### WHAT YOU WILL DO
Print nothing except the lines of the listing below from the line with "THE POLITICAL JUNGLE" to the line with "1995 Topps Steve", each exactly as written, both ends included.

### DATA SHOWN

##########

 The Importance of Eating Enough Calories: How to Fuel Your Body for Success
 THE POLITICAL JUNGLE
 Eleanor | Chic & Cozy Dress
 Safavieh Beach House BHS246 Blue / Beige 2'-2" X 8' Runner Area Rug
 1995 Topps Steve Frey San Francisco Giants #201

##########

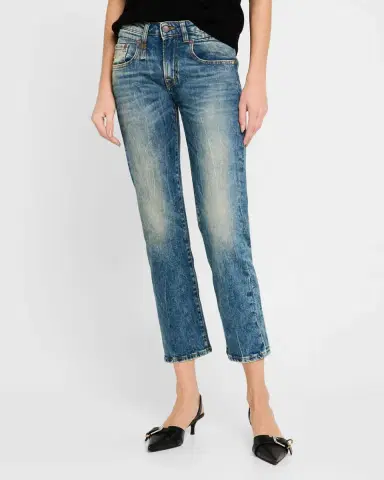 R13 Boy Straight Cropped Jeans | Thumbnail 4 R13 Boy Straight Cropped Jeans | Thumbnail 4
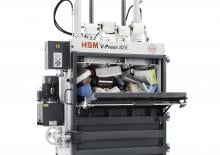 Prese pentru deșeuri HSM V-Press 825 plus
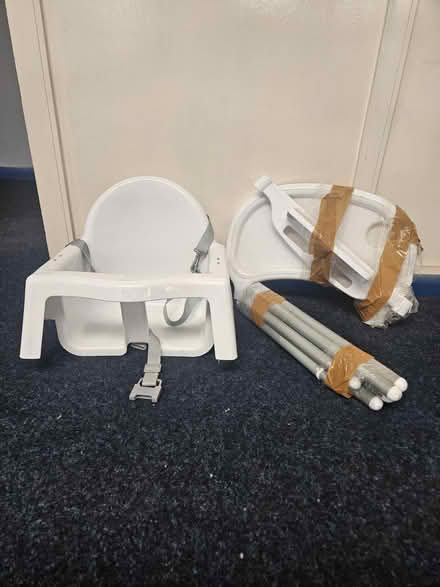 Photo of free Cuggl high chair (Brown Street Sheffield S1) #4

##########

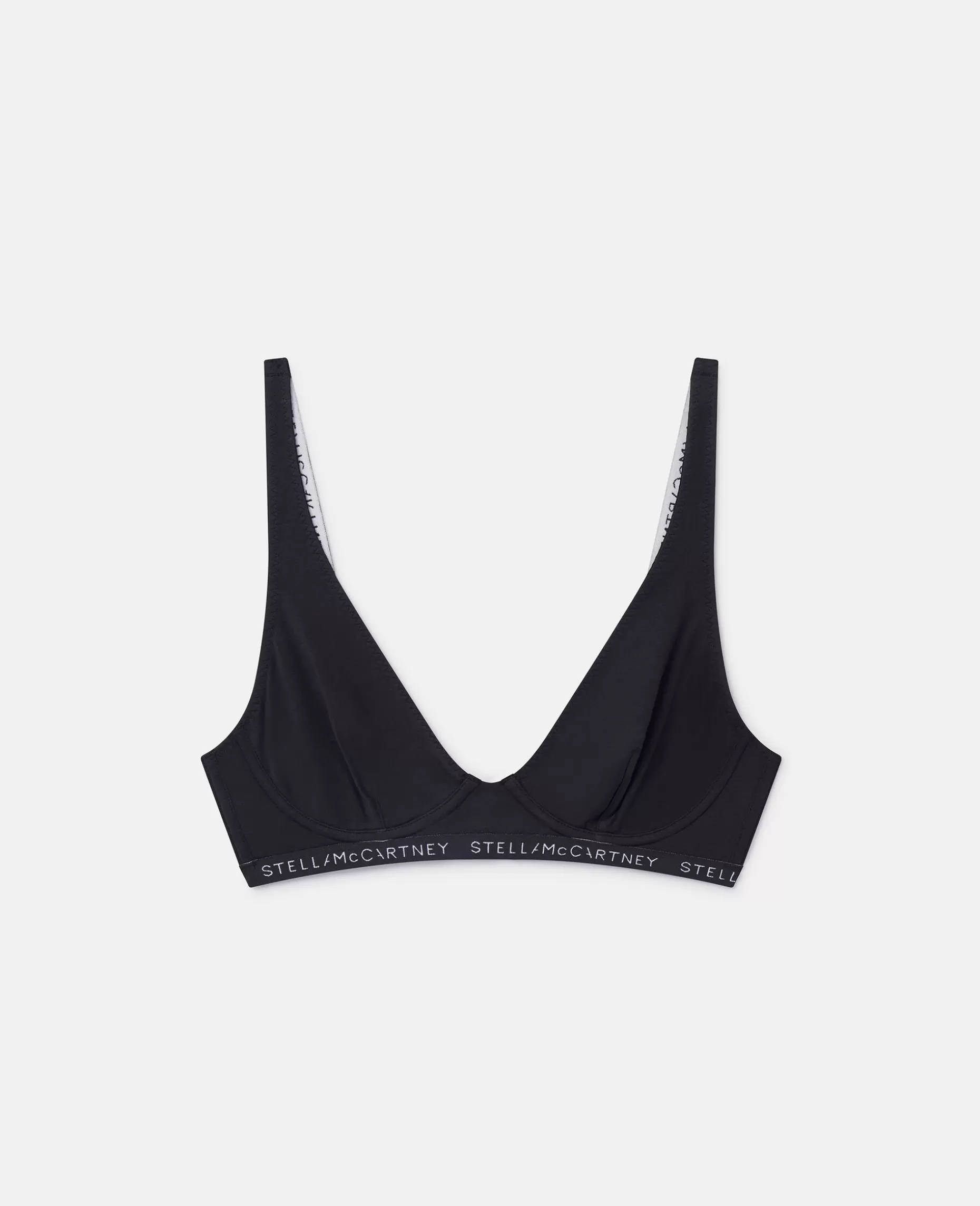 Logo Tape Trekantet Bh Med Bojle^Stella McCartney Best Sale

##########

### RESULT FOR THIS EXERCISE
 THE POLITICAL JUNGLE
 Eleanor | Chic & Cozy Dress
 Safavieh Beach House BHS246 Blue / Beige 2'-2" X 8' Runner Area Rug
 1995 Topps Steve Frey San Francisco Giants #201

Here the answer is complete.